上記の記事とは無関係なのだが,以下はあくまでも一般論。

私は,最も重要な事柄については文書化しないことにしている。大学やロースクールにおける講義の中で提供している最も重要な情報や知見もそうだ。だから,基本的に教科書を書かない。また,決して安くない授業料を払って受講している学生に対してのみ,他の大学や講座を受講するよりも相対的に優位な立場を獲得できるような特別に優れた内容を提供するのでなければ,まことに申し訳ないことだと思っている。これは,当然のことながら,大学としての自由競争の範囲内の問題であるし,大学教授としての学問の自由の範囲内のことだと考えている。

というわけで,教科書等の著作権の問題とは無関係で暮らしてきた。

ところが,わけあって,サイバー法の教科書のような書籍を出版することになってしまった。現在,分担執筆部分のゲラ校正の段階まで進んでいる。たぶん,出版されれば,すぐにコピーされてしまうのだろうと思う。

世間には,自分で新しいことを考え出すことのできる能力をもった者はごくわずかしかいないけれども,他人が苦労して生み出したものをパクる才能をもった者はかなり多数存在する。だから,そういうことになる。

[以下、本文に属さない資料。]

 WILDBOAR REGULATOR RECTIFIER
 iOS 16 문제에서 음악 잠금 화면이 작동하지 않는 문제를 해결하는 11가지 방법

もちろん,純然たる知識を他人が取得し,共有するのは別にかまわない。

しかし,これまで多数の著作や論文等の査読審査を経験したところによると,日本のトップクラスの大学の者にさえ,平気で他人の著作の大部分をコピーし,自分の著作として公表している者が少なからず存在しているという事実を知っている。

「オリジナルのものを書けないのであれば,自分には才能がないものとあきらめ,何も書かなければよいのに・・・」と思う。

学者とジャーナリストとは異なる。

しかし,現実には,学者である「学者」とジャーナリストに過ぎない「学者」とが混在しているという事実がある。